Item 1.01. Entry into a Material Definitive Agreement.
On September 29, 2025, Spectral Capital Corporation (“Spectral”) entered into a binding term sheet with Telvantis Voice Services, Inc. (“Telvantis”), a Florida corporation, pursuant to which Spectral will acquire 100% of the issued and outstanding capital stock of Telvantis (the “Transaction”).
Pursuant to the term sheet:
·The consideration consists of 10,000,000 shares of common stock of Spectral, including:
o1,500,000 initial shares issued at closing; and
oup to 8,500,000 additional earn-out shares, subject to performance milestones.
·Telvantis shareholders may earn the additional shares if Telvantis achieves certain 2026 operating profit and/or revenue milestones, including:
o$10,000,000 annualized operating profit, or
o$665,000,000 in annualized revenue at comparable margins.
·Shares will be subject to a 12-month lock-up period, with potential extension or cancellation if performance milestones are not met.
·Closing of the Transaction is subject to customary conditions, including:
ocompletion of due diligence,
odelivery of audited financial statements prepared under U.S. GAAP and audited by a PCAOB-registered accounting firm, and
oboard approvals of both parties.
The term sheet is binding and enforceable upon execution, and the parties intend to negotiate and enter into a definitive stock purchase agreement and related documents.
The common stock trades on the OTC under the symbol “FCCN.”
Cautionary Note Regarding Forward-Looking Statements
This Report includes statements that express Spectral’s opinions, expectations, beliefs, plans, objectives, assumptions or projections regarding future events or future results and therefore are, or may be deemed to be, “forward-looking statements.” These forward-looking statements can generally be identified by the use of forward-looking terminology, including the terms “believes,” “estimates,” “anticipates,” “expects,” “seeks,” “projects,” “intends,” “plans,” “may” or “should” or, in each case, their negative or other variations or comparable terminology.

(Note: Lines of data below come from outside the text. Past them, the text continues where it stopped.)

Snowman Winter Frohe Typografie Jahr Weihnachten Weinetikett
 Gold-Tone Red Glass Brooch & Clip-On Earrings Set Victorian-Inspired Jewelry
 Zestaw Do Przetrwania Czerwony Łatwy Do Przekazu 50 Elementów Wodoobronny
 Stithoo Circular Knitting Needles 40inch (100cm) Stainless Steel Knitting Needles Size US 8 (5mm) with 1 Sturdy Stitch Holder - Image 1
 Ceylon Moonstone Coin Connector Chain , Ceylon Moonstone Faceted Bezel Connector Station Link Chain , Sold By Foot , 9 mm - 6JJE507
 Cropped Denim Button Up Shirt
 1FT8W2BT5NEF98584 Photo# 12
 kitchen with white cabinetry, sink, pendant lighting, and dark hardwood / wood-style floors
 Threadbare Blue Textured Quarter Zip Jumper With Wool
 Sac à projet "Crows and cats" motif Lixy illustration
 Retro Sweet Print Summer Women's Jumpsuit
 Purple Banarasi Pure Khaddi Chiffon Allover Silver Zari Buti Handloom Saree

These forward-looking statements include all matters that are not historical facts. They appear in a number of places throughout this Report (including in information that is incorporated by reference into this Report) and include statements regarding Spectral’s intentions, beliefs or current expectations concerning, among other things, the results of operations, financial condition, liquidity, prospects, growth, and strategies of Spectral and the markets in which Spectral operates. Such forward-looking statements are based on available current market material and management’s expectations, beliefs and forecasts concerning future events impacting Spectral.
Item 9.01. Financial Statements and Exhibits.
Exhibit No.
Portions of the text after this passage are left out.